DATASET SECTION
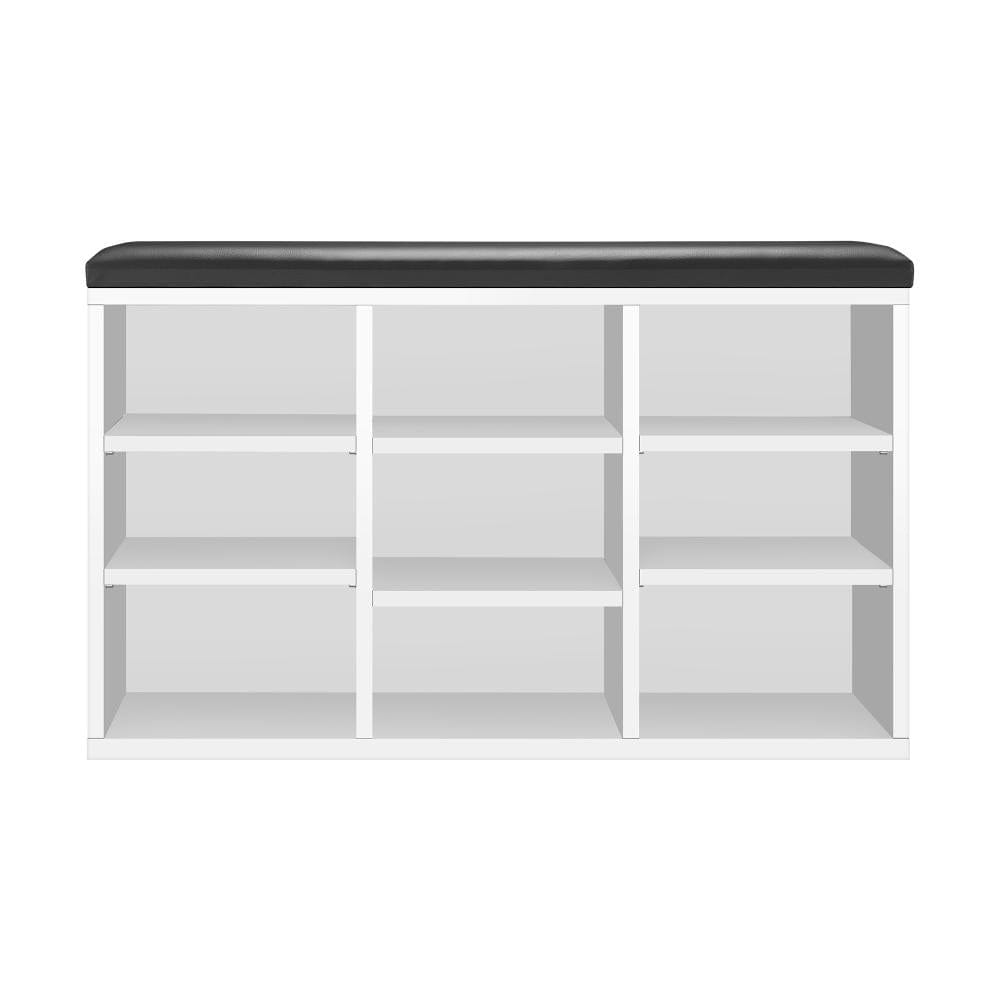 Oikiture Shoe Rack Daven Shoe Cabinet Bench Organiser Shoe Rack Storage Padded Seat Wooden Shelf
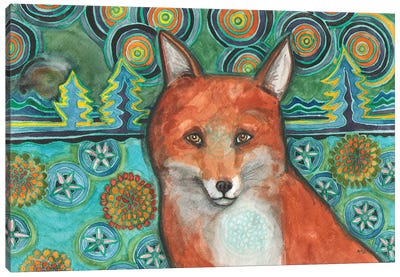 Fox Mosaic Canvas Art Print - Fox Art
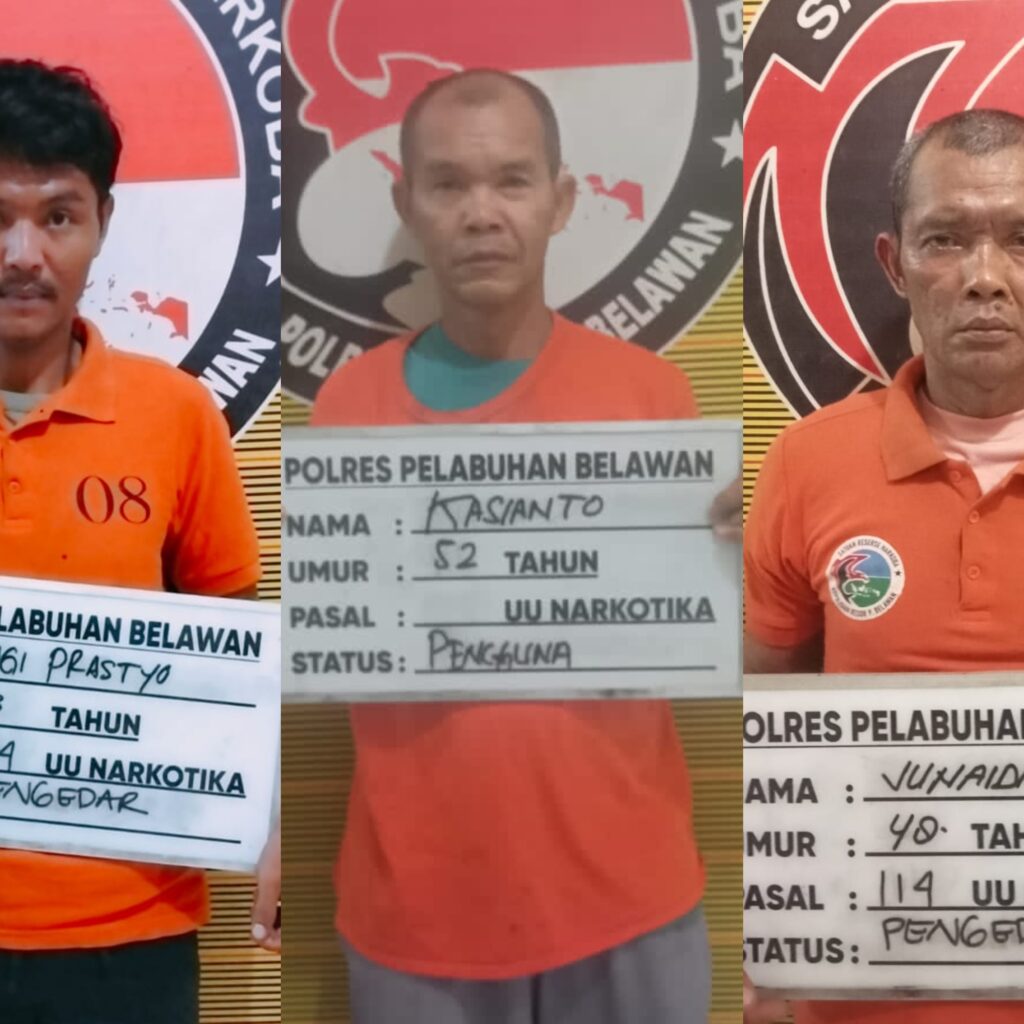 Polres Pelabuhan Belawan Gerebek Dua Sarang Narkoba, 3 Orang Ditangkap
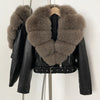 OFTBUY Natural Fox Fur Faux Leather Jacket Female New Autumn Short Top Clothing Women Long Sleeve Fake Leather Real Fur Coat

WHAT YOU NEED TO DO
Wherever a picture appears in the listing above, drop it, and restate the rest exactly.

RESPONSE TO THE EXERCISE
 Oikiture Shoe Rack Daven Shoe Cabinet Bench Organiser Shoe Rack Storage Padded Seat Wooden Shelf
 Fox Mosaic Canvas Art Print - Fox Art
 Polres Pelabuhan Belawan Gerebek Dua Sarang Narkoba, 3 Orang Ditangkap
 OFTBUY Natural Fox Fur Faux Leather Jacket Female New Autumn Short Top Clothing Women Long Sleeve Fake Leather Real Fur Coat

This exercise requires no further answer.